This post was originally published on Medium.com, by UN Women’s Executive Director, Phumzile Mlambo-Ngcuka, in a series of 16 blogs for the 16 Days of Activism against Gender-Based Violence. EnCompass previously worked with UN Women to evaluate their regional architecture.
The initial response to the outpouring of ‘#MeToo’ around the world has been of outrage at the scale of sexual abuse and violence revealed. The millions of people joining the hashtag tide showed us how little they were heard before. They poured through the floodgate, opening up conversations, naming names, and bolstering the frailty of individual statements with the robustness of a movement.
This virtual class action has brought strength to those whose stories would otherwise have not been told. Sexual violence in private almost always ends up as one person’s word against another, if that word is ever spoken. Even sexual violence in public has been impossible to call out when society does not view rape as a male crime but as a woman’s failing, and views that woman as dispensable.
We are seeing the ugly face of violence brought out into the light: the abuses of power that repress reporting and diminish the facts, and that exclude or crush opposition. These acts of power draw from the same roots, whether they concern the murder of a woman human rights defender standing up against big business interests in the Amazon basin, a young refugee girl forced to have sex for food or supplies, or a small business employee in London forced out of her job for being “difficult,” after reporting the sexual misconduct of her supervisor. In each case, and over and over, these acts of abuse have stemmed from a confidence that there will be no significant reprisal, no law invoked, no calling to account.

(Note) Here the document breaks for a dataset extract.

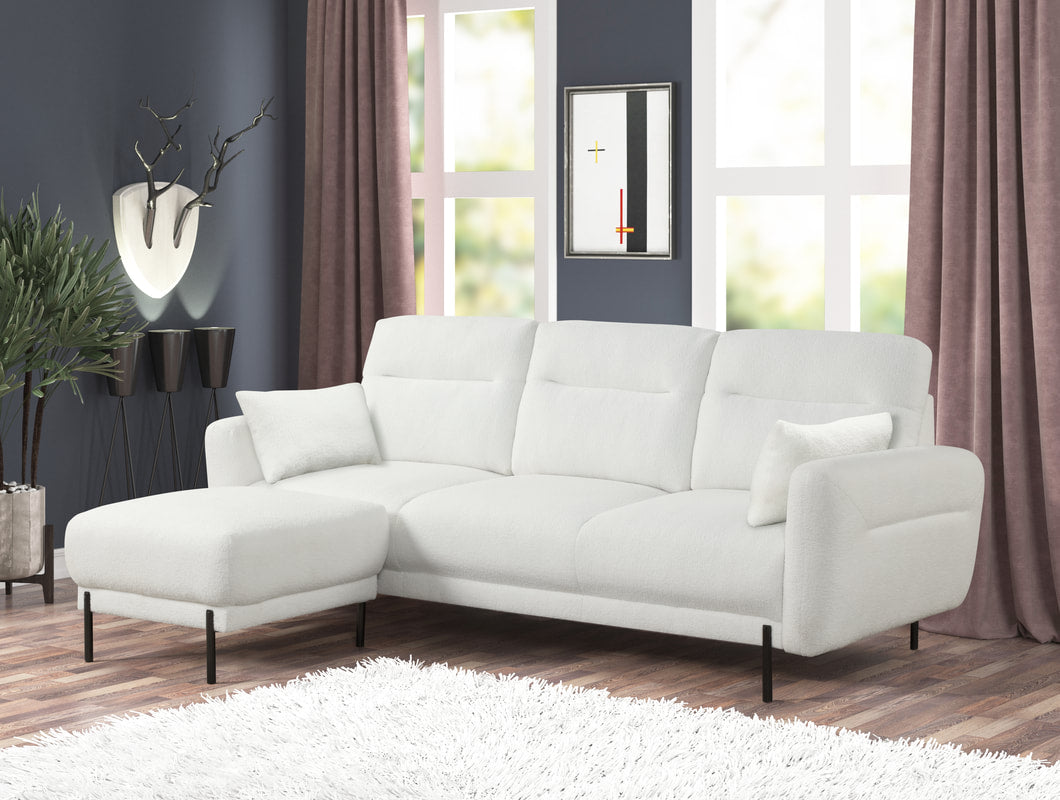 Lily White Fur Sofa with Reversible Chaise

But everyone has the right to live their life without the threat of violence. This holds for all people, no matter what their gender, age, race, religion, ethnicity, or caste, and irrespective of their income level, sexual orientation, HIV status, citizenship, where they live, or any other characteristic of their identity.
Violence against women and girls is not inevitable. There are many ways to prevent violence in the first place and to stop cycles of violence repeating.
As a society, we can support the passing and implementation of laws to protect girls and women from child marriage, FGM [female genital mutilation], domestic violence, sexual assault and harassment, and we can agitate for their impact to be properly monitored and evaluated.
The provision of essential services for survivors of violence must be comprehensive, multi-sectoral, non-judgmental, of good quality, and accessible to everyone, with no exceptions. These services are the frontline of response to those whose lives have just been ruptured; they must have the survivor’s dignity and safety as central concerns.
Prevention of violence must begin early. The education system and teachers themselves are at the forefront of children and young people learning to carry forward the principles of equality, respect, and non-violence for future generations. This takes appropriate curricula and role model behaviour.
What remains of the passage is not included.